Dedup by URL across queries — Firecrawl may return the same article for different queries. Use a dict[str, dict] keyed by URL.

2. Classification phase

Send title+description to the LLM. Key design choices:

  • System prompt forces strict JSON output: "Return valid JSON only — no markdown, no extra text"
  • Schema includes event_type with a sentinel value "none" for non-incidents
  • Temperature 0.1 for deterministic classification
  • Max tokens 300 — we only need the JSON response
  • Truncate article text to ~3000 chars — Firecrawl descriptions are short
  • Parse JSON with regex fallback — some models wrap in markdown code fences despite instruction:
    json_match = re.search(r'\{.*\}', content, re.DOTALL)
    

3. Category/Region matching

Use regex with multiple fallback patterns per region. Try standalone names first, then broader patterns.

4. Structured output (pending-scores.json)

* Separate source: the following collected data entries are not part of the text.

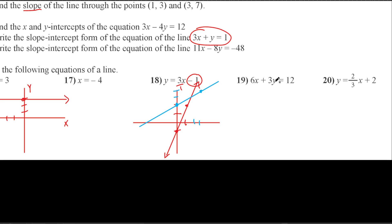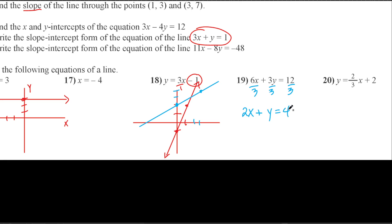For number 19: I notice everything can be divided by 3, so I divide everything by 3 and get 2x plus y equals 4. Rearranging: y equals negative 2x plus 4. The y-intercept is 4, and the slope is negative 2 over 1. Graph it, and that's your line. Pretty simple.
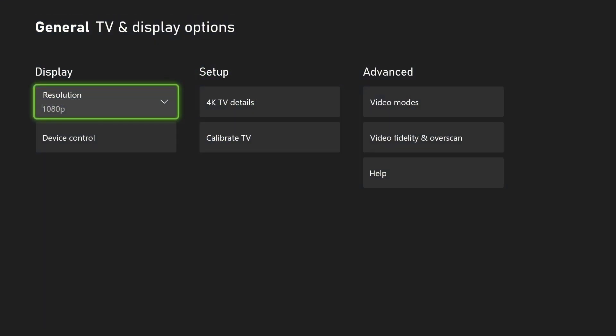So that's how you change your display settings within the Xbox Series X and S. If you have any questions, please put those in the comments section down below — I'll get to those as soon as I possibly can. Don't forget to like, share, and subscribe for more great tech tutorials just like this, and I will see you guys in the next video.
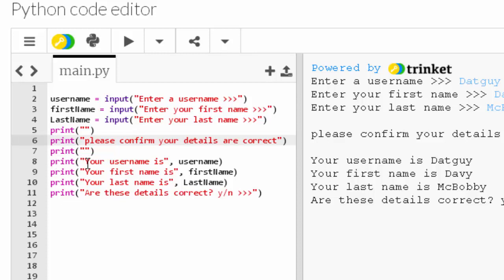Line seven is another empty spacer to create a gap. Line eight has a print function displaying 'your username is' with a comma, then whatever the user entered in line two. Line nine displays 'your first name is' with the important comma, then the user's entry from line three. Line ten does the same for last name. Line eleven is a print function displaying 'are these details correct? y/n'. We're not doing anything with that yet, but it sets us up for the next step. And that's the input function.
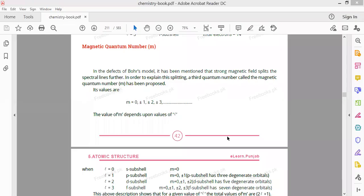Today we have started quantum numbers. We have learned the first two quantum numbers: principal quantum number and azimuthal quantum number. In the principal quantum number, you get information about the number of shells. The azimuthal quantum number is about all shells — the shells are KLMN and the sub-shells are SPDF.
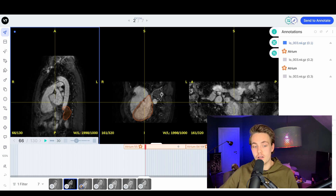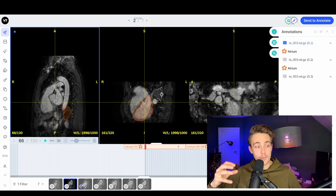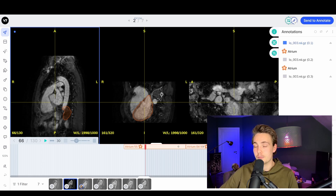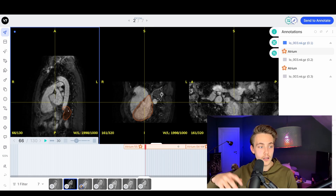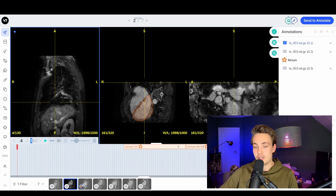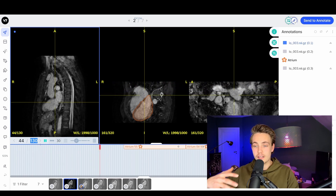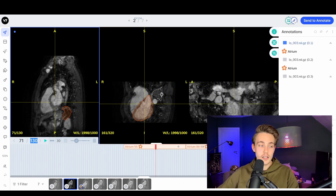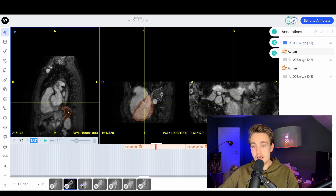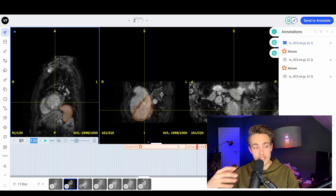We have the sagittal and coronal view - different viewpoints of our actual body parts that we want to annotate in our medical images. Then we have a video file here - a DICOM file which contains frames of the body parts. Down here we can see we have 130 frames; we're at frame four and we can just hit play. Then we can see how this heart is moving over time. We can add labels to it as well for each frame.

Each event gets region_id, region_name, event_type, description, source_url, points, event_date, verified, confidence, classification_ts.

5. Dedup (processed-urls.json)

Load → skip seen → append after classification → persist.

6. Cron wrapper

#!/bin/bash
cd /path/to/project || exit 1
source .venv/bin/activate
python3 scraper/scrape.py >> data/scraper.log 2>&1

TZ=America/New_York at crontab top.

Points Scoring Convention

Event Type Points
sighting 1
bite 5
fatality 10

Pitfalls

  • Rate limit between LLM and search API calls — 0.3-0.5s spacing
  • JSON parsing of LLM output — always regex-fallback for code fences
  • Sentinel event_type "none" — check both != "none" and is not None
  • Filter pages that list historical incidents — LLM tends to classify "attack map" pages as real incidents
  • Region regex ordering — broad patterns first, standalone city names as fallbacks
  • Processed URLs accumulate — archive URLs >90 days to prevent unbounded growth
  • Firecrawl API v1/v2 response structure differences — check field names
  • State files need backup — pending-scores.json and processed-urls.json are critical state for game/score systems

Verification Pattern

Import the matching functions via exec() and test all region patterns in isolation — no API calls needed.